How Low Can You Go?
OCTOBER 1, 2022
by David Zahl
Anthropologies can be charted on a continuum from high to low. Think of it as a barometer of human potential. On the “high” end, we find sunnier estimations of what women and men are like. We run into grander visions of human enterprise. The higher we get, the more optimistic the assumptions. For example, any characterization of human beings as basically good belongs on this end. We may not be perfect or perfectible, mind you, but we are generally decent when unsullied by outside forces. The primary limitations we encounter in life are the ones we place on ourselves, and so forth. Such sentiments would fall under the banner of high anthropology.
Graduation speeches may be ground zero for the proliferation of anthropologies. Apple guru Steve Jobs drew on the high side of the scale for just such an occasion: “Have the courage to follow your heart and intuition,” he told graduates. “They somehow know what you truly want to become.”
On the “low” end of the spectrum sit the more sober estimations. We find understandings of the human spirit as something that veers, by default, in a malign direction and, as a result, cannot flourish without assistance or constraint. We find descriptions of people as finite, blind, and, in many cases, quite weak. This lower end does not discount our noble and good impulses but suggests that we are underdogs in the struggle to heed them. Our humanity contains an ineluctable dark side, whatever we say to the contrary. This does not mean we’re incapable of sacrificial love and charity. It just means that the moments we demonstrate those ideals are the exception, not the rule.
Anne Lamott articulates a low anthropology when she observes, “Everyone is screwed up, broken, clingy, and scared, even the people who seem to have it more or less together. They are much more like you than you would believe. So try not to compare your insides to their outsides.”
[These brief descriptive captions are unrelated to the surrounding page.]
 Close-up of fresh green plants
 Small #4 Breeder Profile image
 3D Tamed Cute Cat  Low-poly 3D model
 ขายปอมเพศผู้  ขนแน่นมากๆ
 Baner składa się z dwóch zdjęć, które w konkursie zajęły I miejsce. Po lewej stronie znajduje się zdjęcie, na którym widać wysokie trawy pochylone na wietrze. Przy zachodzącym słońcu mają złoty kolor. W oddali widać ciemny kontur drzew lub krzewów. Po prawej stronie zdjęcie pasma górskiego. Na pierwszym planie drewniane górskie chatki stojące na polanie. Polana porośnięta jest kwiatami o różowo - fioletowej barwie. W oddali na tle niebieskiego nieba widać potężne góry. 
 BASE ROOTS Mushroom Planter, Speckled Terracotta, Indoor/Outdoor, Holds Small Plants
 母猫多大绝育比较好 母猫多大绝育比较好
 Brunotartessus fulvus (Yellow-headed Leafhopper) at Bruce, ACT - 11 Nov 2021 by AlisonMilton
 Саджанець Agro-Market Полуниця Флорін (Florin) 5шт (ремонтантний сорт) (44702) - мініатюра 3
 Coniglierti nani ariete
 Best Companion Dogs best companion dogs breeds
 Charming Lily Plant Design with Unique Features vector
A high anthropology views people as defined by their best days and greatest achievements, their dreams and their aspirations. A low anthropology assumes a through line of heartache and self-doubt, that the bulk of our mental energy is focused on subjects that would be embarrassing or even shameful if broadcast, and that our ability to do the right thing in any given situation is hampered by all sorts of unseen factors.
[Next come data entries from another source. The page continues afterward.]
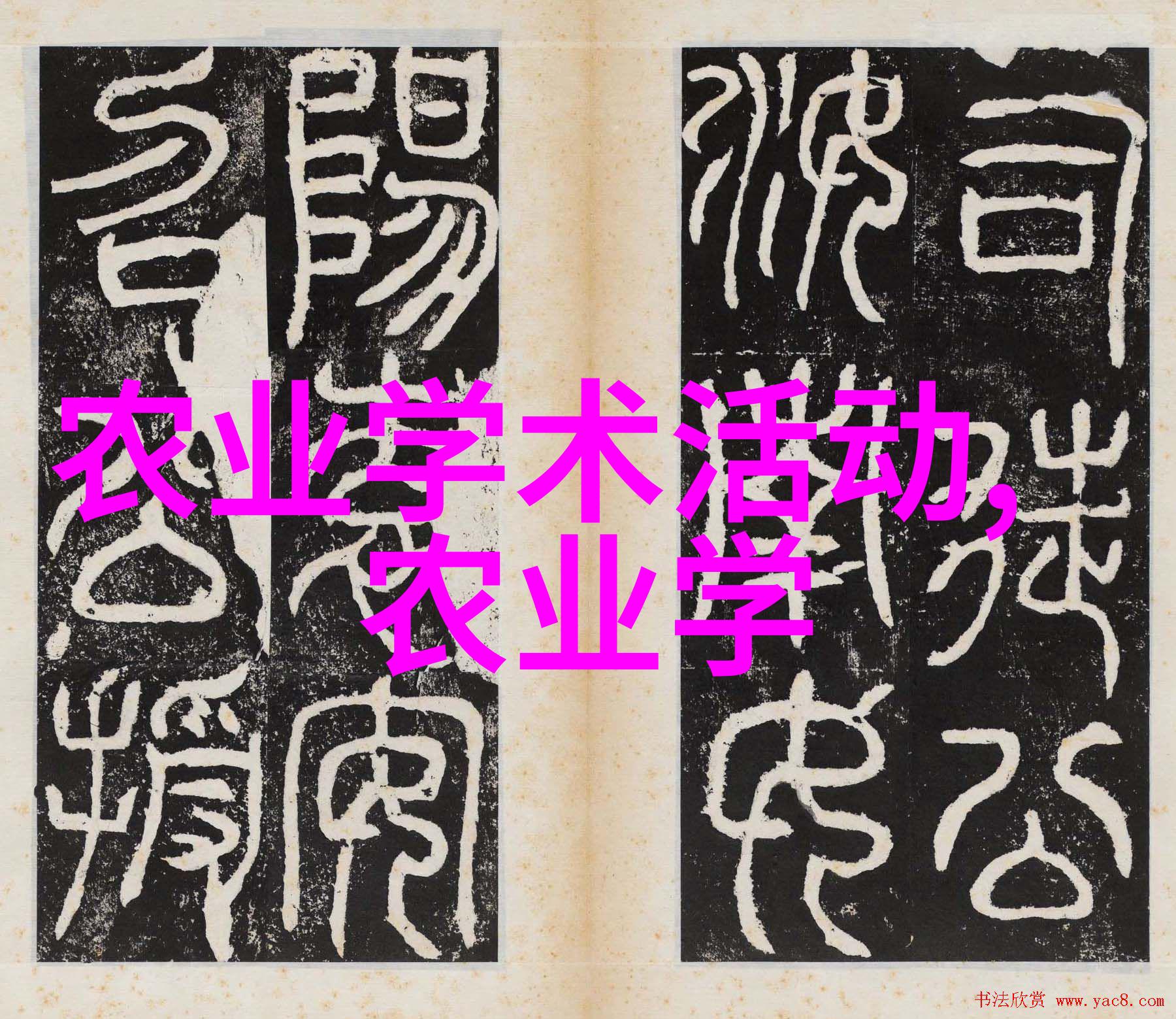 从种子到绽放云南十大花卉基地是如何培育出那样的奇观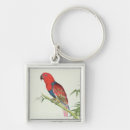 Search for ornithology key rings Ornithological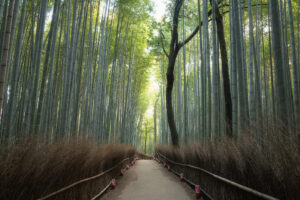 竹林の小径（嵐山）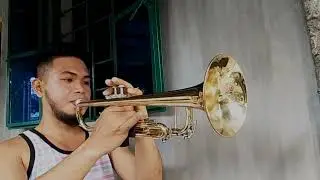 We Are The World - U.S.A For America (Trumpet) Cover 🎺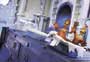 Chicken Run - 8 x 10 Color Photo #33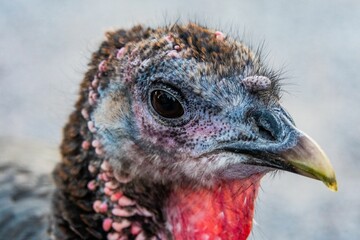 Noel The Pet Turkey, Heritage Rail Trail County Park, Seven Valleys, Pennsylvania, United States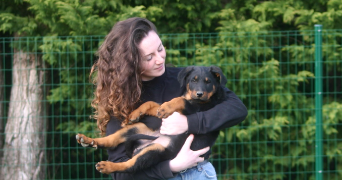 elsa pet sitter à ENNERY 95300_1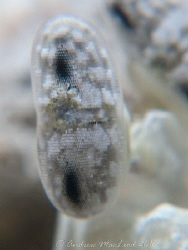 white mantis Shrimp eye by Andrew Macleod 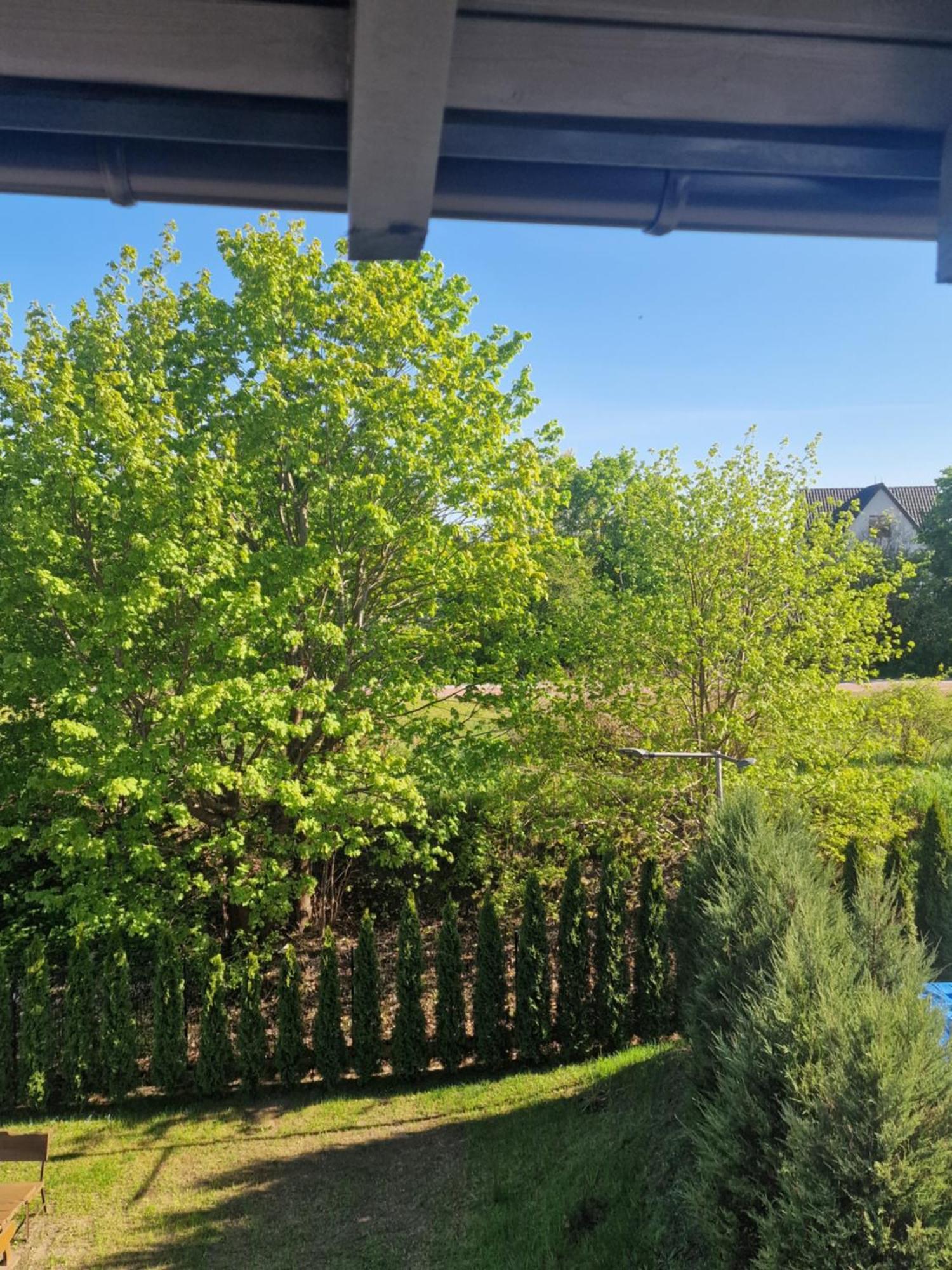 Apartamenty Mazury مارونجوفو المظهر الخارجي الصورة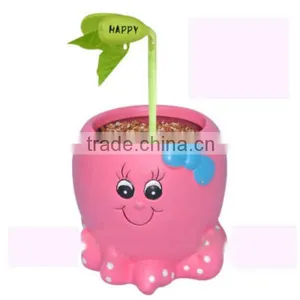 Lovely Egg Potted Message Bean thumbnail-1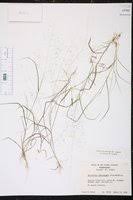 Image result for Sporobolus tenuissimus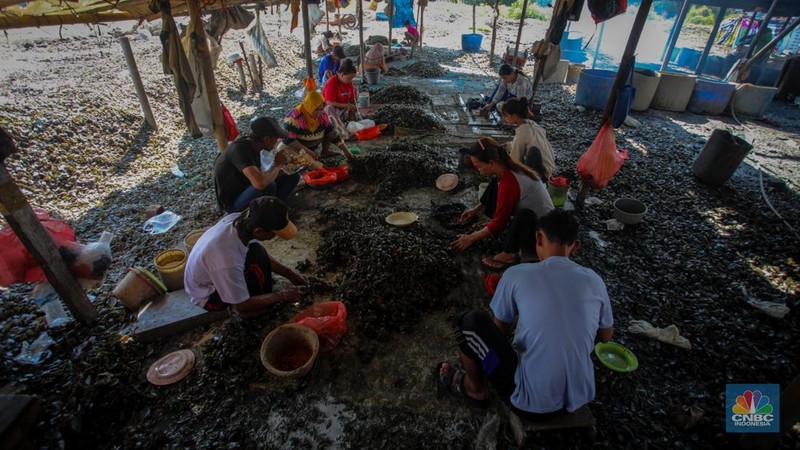 Warga melepaskan daging kerang hijau dari cangkangnya di perkampungan nelayan kawasan Dadap, Kabupaten Tangerang, Rabu (2/6/2025). (CNBC Indonesia/Faisal Rahman)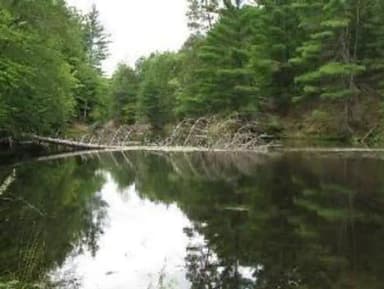 SEATON CREEK CAMPGROUND
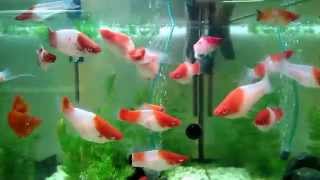 Xiphophorus helleri Koi Kohaku Меченосцы Кои Кохаку продаю в Питере [upl. by Constantine]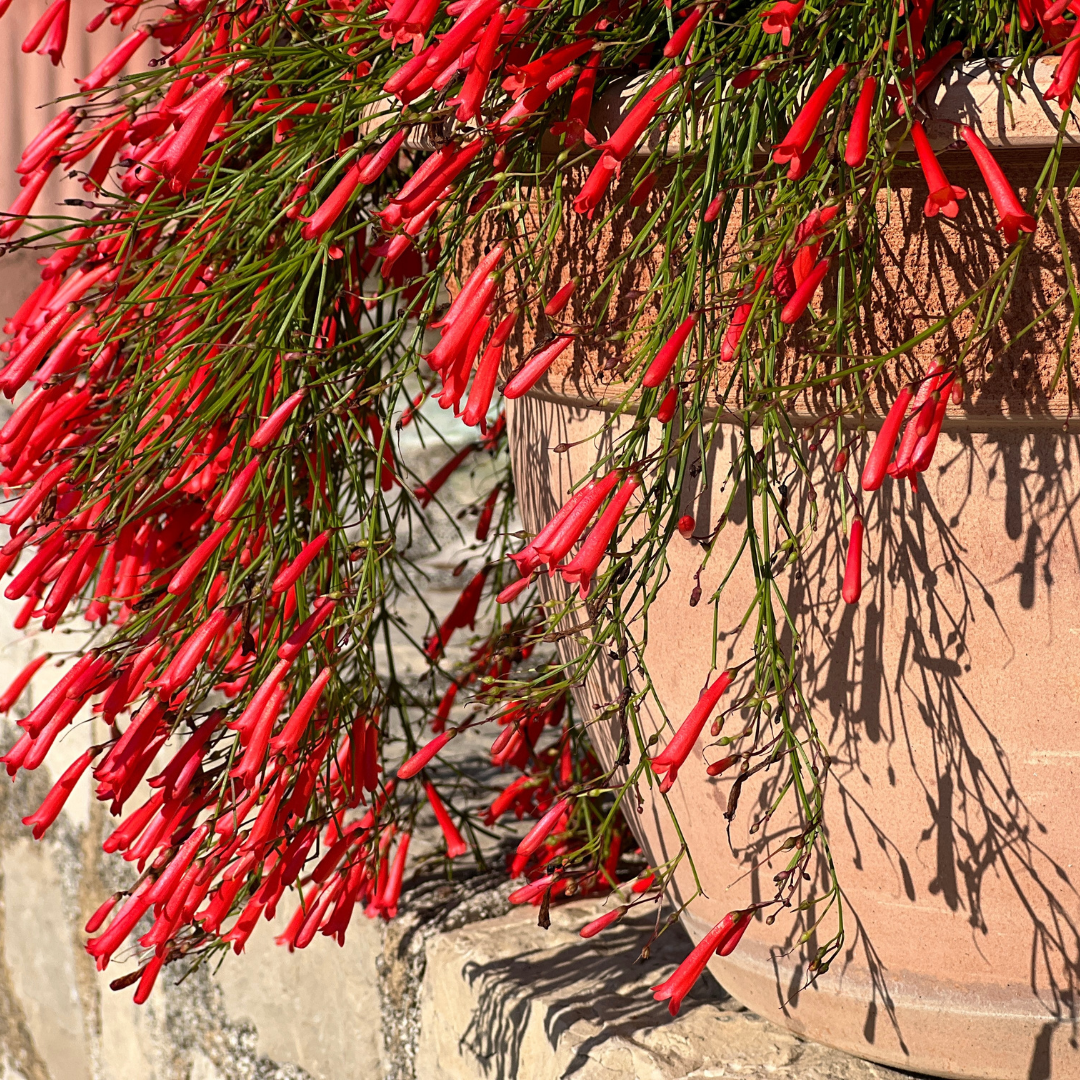 Coral Fountain Grass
Since this is a continuum, high and low are not the only options. Maybe we try to hew a middle path by maintaining the essential neutrality of the species. We come into this life as a blank slate, and how we turn out has everything to do with the influences we encounter along the way. “Man is born free, but everywhere he is in chains” is how the philosopher Jean-Jacques Rousseau put it.
Or perhaps we mix and match. There are good people and bad people, and the great task of life is trying to figure out who’s who. Many of our favorite stories—in Hollywood and elsewhere— follow this line of thinking in their portrayal of heroes and villains.
Not that we’re always consistent. After all, many of our assumptions about human nature operate below the level of conscious thought, according to disposition and personality rather than intention or deduction. So maybe we say we expect people to be generally self-absorbed, yet when they act that way toward us, we are shocked. Or possibly we are scandalized by a neighbor’s altruism and insist on locating a sinister motive behind every act of kindness.
Note your responses to Jobs and Lamott. On the one hand, Lamott’s words sound a little harsh at first, do they not? Sure, I may be a little scared and clingy, but everyone? Isn’t that extreme? That guy Darren from high school sure seemed comfortable in his own skin. Plus, if you heard a friend refer to themselves with Lamott’s language, you’d probably assume they were depressed and would want to give them a pep talk: “Don’t be so hard on yourself; you’re just going through a rough time right now.”
On the other hand, Jobs’s invitation must have inspired those graduates, wouldn’t you think? How fortunate they were to walk away with the knowledge that they already possessed everything they needed to become the next Steve Jobs.
But say you had a tough week, spoke insensitively to a loved one, or fumbled the ball at work. Lamott’s description all of a sudden might strike you as more accurate. You might feel recognized by her words and a little burdened by Jobs’s exhortation. After all, you’re no longer twenty-two and don’t always like what you’ve become or where your intuitions have steered you. Where is my courage? My good intuition?
Lamott’s admission conveys compassion. You can feel your shoulders unknot. Jobs’s advice, not so much. His words convey pressure.
This is the great irony of low anthropology: what sounds insulting is actually liberating, and what sounds liberating at first is actually oppressive and embittering.